China's steel production continues to boom to new heights, likewise with India who have no domestic coking coal reserves and are ultimately competing with China to become the largest importer of coking coal. Strong demand also exists from steel mills in Europe and Latin America.
With demand for steel production increasing due government stimulus across the globe spurring on infrastructure projects, it's hard to see the bullishness for coking coal subside anytime soon.
In terms of New Elk, by blending Blue seam (or Primero) coal with Pratt coal, a high fluidity coking coal is obtained, which is exactly what Indian and Chinese steel mills are looking for. The market is there and waiting while the margins are astounding.

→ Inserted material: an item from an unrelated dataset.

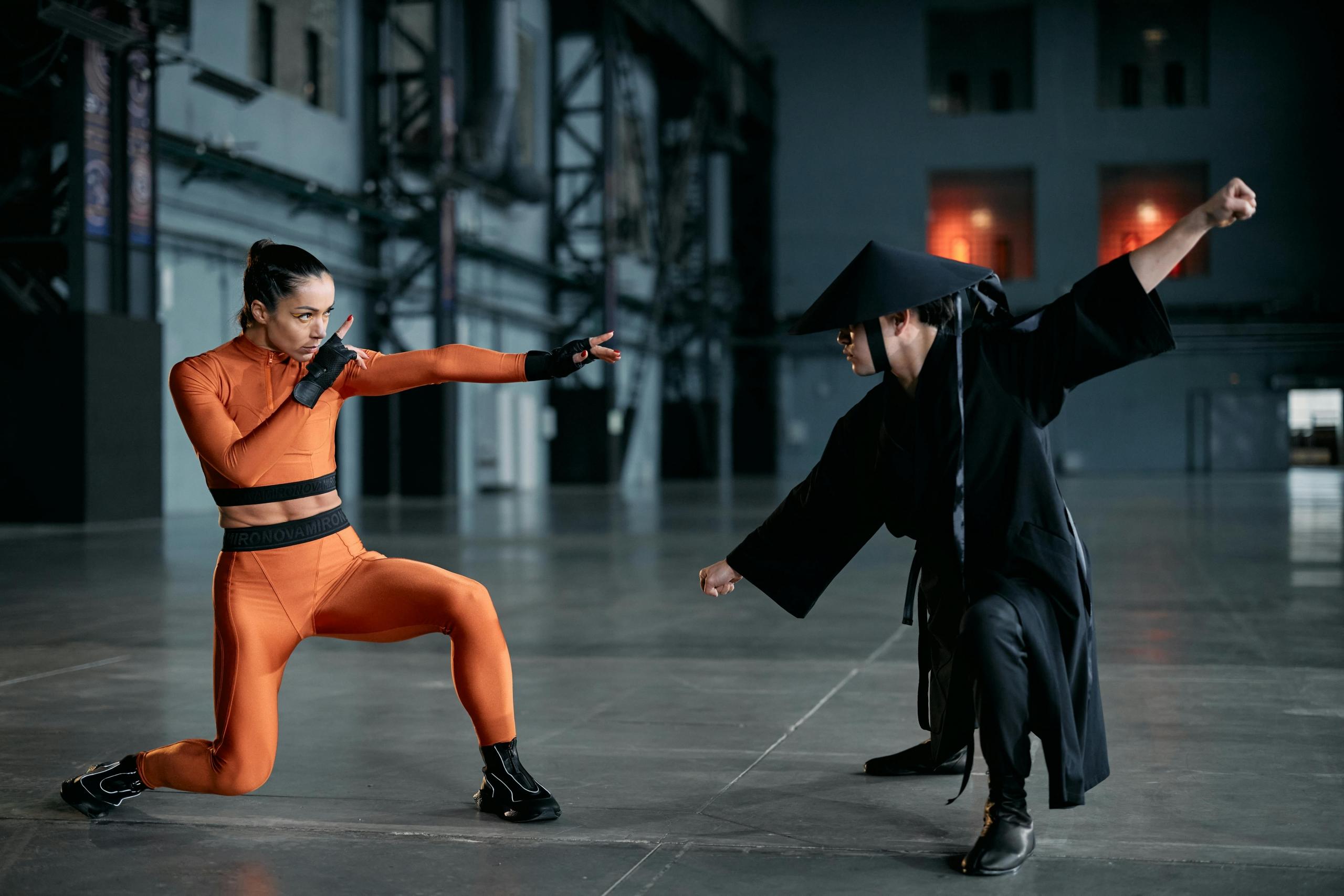 Two actors engaging in combat for a martial arts action movie.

New Elk, former producing mine in Colorado with significant resource of 673m metric tonnes with 45m metric tonnes saleable right now.
Will be in production by June 2021 or earlier.
Initially will sell 1.5m-2m tonnes per year into the market with plans to ramp up over the next few years.
Term sheet on debt already in place for capex (US $13.5m). Fully permitted, ready to go.
FOB cost around US $80 per tonne. Coking coal prices around US $150 per tonne. Approximately US $70 margin per tonne. At 1.5m tonnes pa ~ $105m or 2m tonnes pa ~ $140m. Enormous upside whichever way you look at it.
The Connotes would have also been churned today. Incredibly undervalued at the moment but market awareness has just begun.